If $\lim_{x\to 0} \frac{\sin x \sin 2x \sin 3x...\sin nx - x^n}{x \tan((1+x)(1+2x)(1+3x)....(1+2023x))}$ exists and is non-zero, then 'n' equals

• A. 2022
• B. 2023
• C. 2024
• D. no such value of n exists

Answer 1

Answer: (D)

no such value of n exists

Answer 2

Let the limit be $L$. The numerator is $N(x) = \prod_{k=1}^{n} \sin kx - x^n$ and the denominator is $D(x) = x \tan(\prod_{k=1}^{2023} (1+kx))$.

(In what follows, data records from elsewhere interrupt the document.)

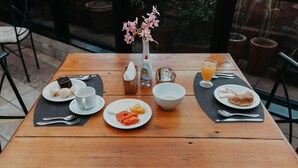 A wooden table with a breakfast setting including plates of food, a vase with flowers, a bottle, and a glass of orange juice. - Kastel Itaipava Centro Hotel (Petrópolis)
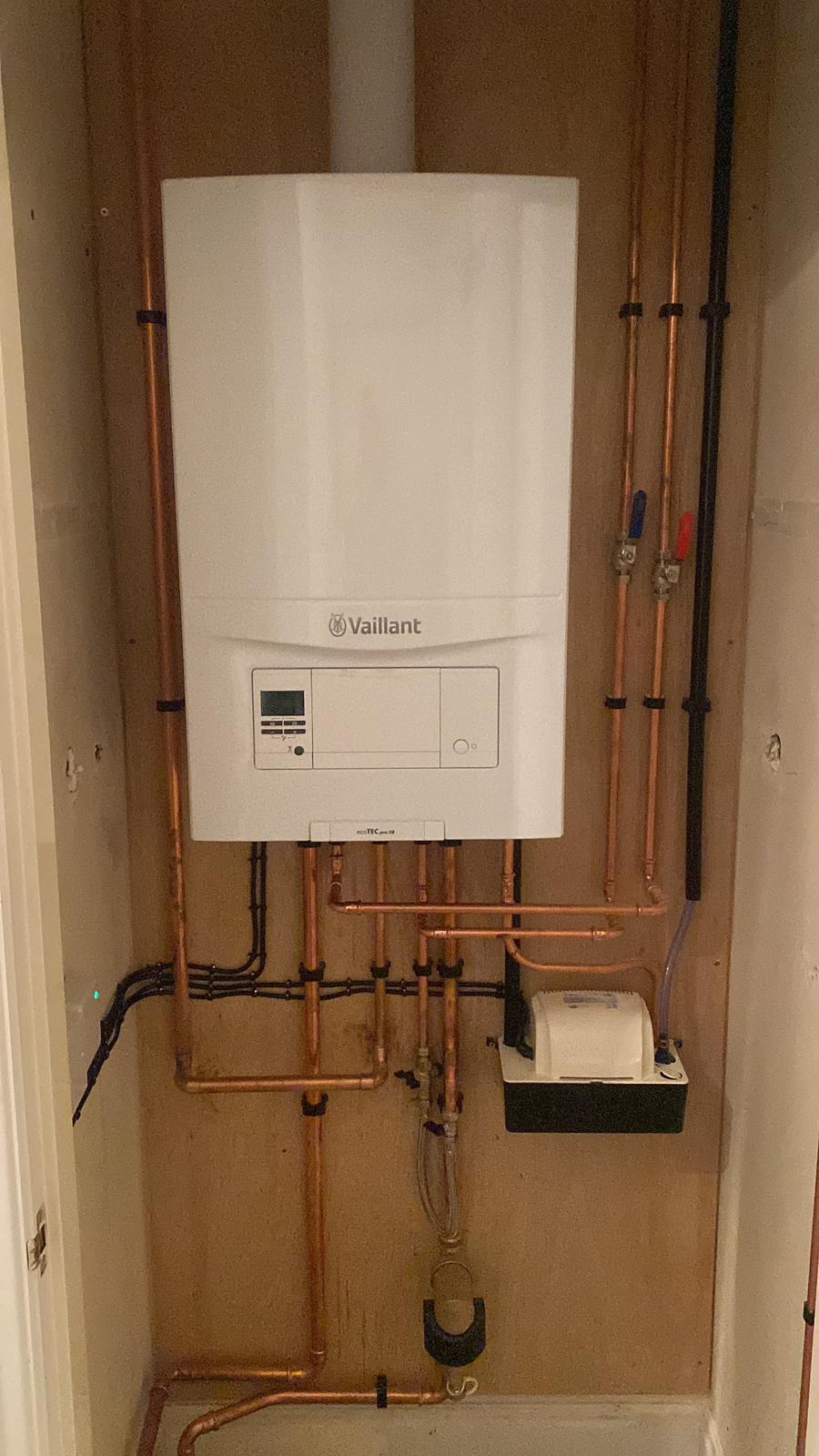 Vaillant ecoTEC pro boiler installed with copper pipework and condensate pump
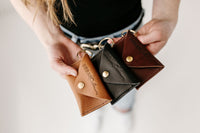 Hands display three leather keychains, each a different color, from Urban Southern.
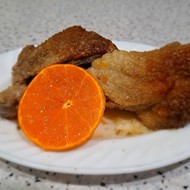 Утка с мандаринами в рукаве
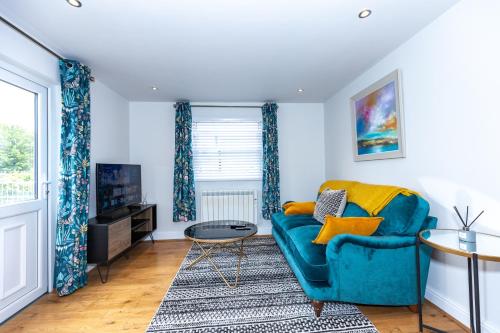 a living room with a blue couch and a tv at First Class Flat in Brandon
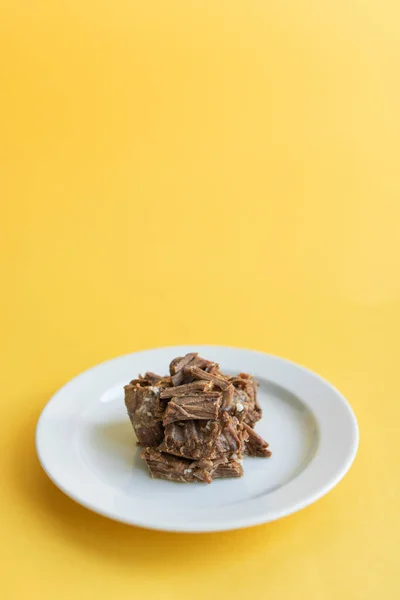 Ragoût de bœuf en conserve sur assiette blanche avec feuille de persil, fond jaune — Photo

For the denominator, as $x \to 0$, $\prod_{k=1}^{2023} (1+kx) \to 1$. Thus, $\tan(\prod_{k=1}^{2023} (1+kx)) \to \tan(1)$. The denominator behaves as $D(x) \sim x \tan(1)$ for $x \to 0$. The lowest power of $x$ is $x^1$.

For the numerator, using the Taylor expansion $\sin y = y - \frac{y^3}{6} + O(y^5)$: $\prod_{k=1}^{n} \sin kx = \prod_{k=1}^{n} (kx - \frac{(kx)^3}{6} + O(x^5))$ $= (x - \frac{x^3}{6} + ...)(2x - \frac{(2x)^3}{6} + ...)...(nx - \frac{(nx)^3}{6} + ...)$ The term with the lowest power of $x$ in the product is $(x)(2x)...(nx) = n! x^n$. So, $\prod_{k=1}^{n} \sin kx = n! x^n + O(x^{n+2})$.

The numerator is $N(x) = n! x^n + O(x^{n+2}) - x^n = (n!-1)x^n + O(x^{n+2})$.

For the limit $L$ to exist and be non-zero, the lowest power of $x$ in the numerator must match the lowest power of $x$ in the denominator, which is $x^1$.

Case 1: $n > 1$. The lowest power of $x$ in the numerator is $x^n$. For this to match the denominator's $x^1$, we need $n=1$. This contradicts the assumption $n>1$.

Case 2: $n = 1$. The numerator is $N(x) = \sin x - x$. Using Taylor expansion, $\sin x - x = (x - \frac{x^3}{6} + O(x^5)) - x = -\frac{x^3}{6} + O(x^5)$. The lowest power of $x$ in the numerator is $x^3$. The denominator's lowest power is $x^1$. The limit becomes $L = \lim_{x\to 0} \frac{-x^3/6}{x \tan(1)} = \lim_{x\to 0} \frac{-x^2}{6 \tan(1)} = 0$. This limit is zero, not non-zero.

Since neither $n=1$ nor $n>1$ yields a non-zero limit, there is no such value of $n$ that satisfies the given condition.